Example Question #771 : Gre Subject Test: Literature In English

Adapted from Timon of Athens, IV:3, lines 409-447 by William Shakespeare

 

The sun's a thief, and with his great attraction

Robs the vast sea: the moon's an arrant thief,

And her pale fire she snatches from the sun:

The sea's a thief, whose liquid surge resolves

The moon into salt tears: the earth's a thief,

That feeds and breeds by a composture stol'n

From general excrement: each thing's a thief:

The laws, your curb and whip, in their rough power

Have uncheck'd theft.

Which of the following is NOT exemplified in the above selection from Timon of Athens?

Possible Answers:

Blank Verse

Personification

Poetic Conceit

Sprung Rhythm

Iambic Pentameter

Correct answer:

Sprung Rhythm

Explanation:

Sprung Rhythm is a system of scansion in which only stressed syllables are counted. It was invented by the poet Gerard Manley Hopkins in the late-19th century.

 

Blank Verse is a poetic form composed of unrhymed lines of iambic pentameter.

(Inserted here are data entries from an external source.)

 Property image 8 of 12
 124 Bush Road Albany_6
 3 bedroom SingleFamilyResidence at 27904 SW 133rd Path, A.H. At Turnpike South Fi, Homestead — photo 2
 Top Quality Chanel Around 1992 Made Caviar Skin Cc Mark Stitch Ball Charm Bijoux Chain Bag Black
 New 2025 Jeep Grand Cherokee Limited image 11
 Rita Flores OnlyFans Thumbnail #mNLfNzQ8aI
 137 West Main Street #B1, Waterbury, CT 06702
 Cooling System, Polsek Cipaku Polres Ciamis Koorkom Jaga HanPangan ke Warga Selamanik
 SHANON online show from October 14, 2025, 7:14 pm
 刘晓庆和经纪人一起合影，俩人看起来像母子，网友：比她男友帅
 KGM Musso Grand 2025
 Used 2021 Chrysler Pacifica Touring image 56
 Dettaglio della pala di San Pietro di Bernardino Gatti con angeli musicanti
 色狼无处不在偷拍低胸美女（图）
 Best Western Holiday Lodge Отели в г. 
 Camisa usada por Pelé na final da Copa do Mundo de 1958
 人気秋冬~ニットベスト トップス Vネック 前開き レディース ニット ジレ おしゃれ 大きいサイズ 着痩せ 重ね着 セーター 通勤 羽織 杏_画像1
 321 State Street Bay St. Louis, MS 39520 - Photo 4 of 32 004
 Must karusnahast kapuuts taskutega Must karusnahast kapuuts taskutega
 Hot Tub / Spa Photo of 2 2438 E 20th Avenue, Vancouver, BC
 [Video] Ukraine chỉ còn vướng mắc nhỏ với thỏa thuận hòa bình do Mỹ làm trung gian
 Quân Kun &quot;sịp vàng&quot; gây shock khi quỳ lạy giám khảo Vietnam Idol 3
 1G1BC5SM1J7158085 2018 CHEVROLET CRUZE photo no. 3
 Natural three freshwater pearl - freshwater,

Iambic pentameter is a metrical form in which each line consists of five iambic feet. A metrical foot is a unit of stressed and unstressed syllables. An iambic foot consists of one unstressed syllable followed by one stressed syllable.

Personification is the attribution of human qualities to inanimate objects.

A Poetic Conceit is an extended metaphor that compares dissimilar objects in a surprising and imaginative manner.

Example Question #1 : Literary Analysis

Adapted from Timon of Athens, IV:3, lines 409-447 by William Shakespeare

 

The sun's a thief, and with his great attraction

Robs the vast sea: the moon's an arrant thief,

And her pale fire she snatches from the sun:

The sea's a thief, whose liquid surge resolves

The moon into salt tears: the earth's a thief,

That feeds and breeds by a composture stol'n

From general excrement: each thing's a thief:

The laws, your curb and whip, in their rough power

Have uncheck'd theft.

The above passage from Shakespeare's "Timon of Athens" is the source of the title of a novel by which twentieth century author?

Possible Answers:

Ernest Hemingway

William Faulkner

Vladimir Nabokov

John Updike

Thomas Pynchon

Correct answer:

Vladimir Nabokov

Explanation:

"Timon of Athens" (one of the more obscure works by Shakespeare) is a key intertext in Vladimir Nabokov's 1962 novel Pale Fire, the title of which was drawn from the third line of the passage in question.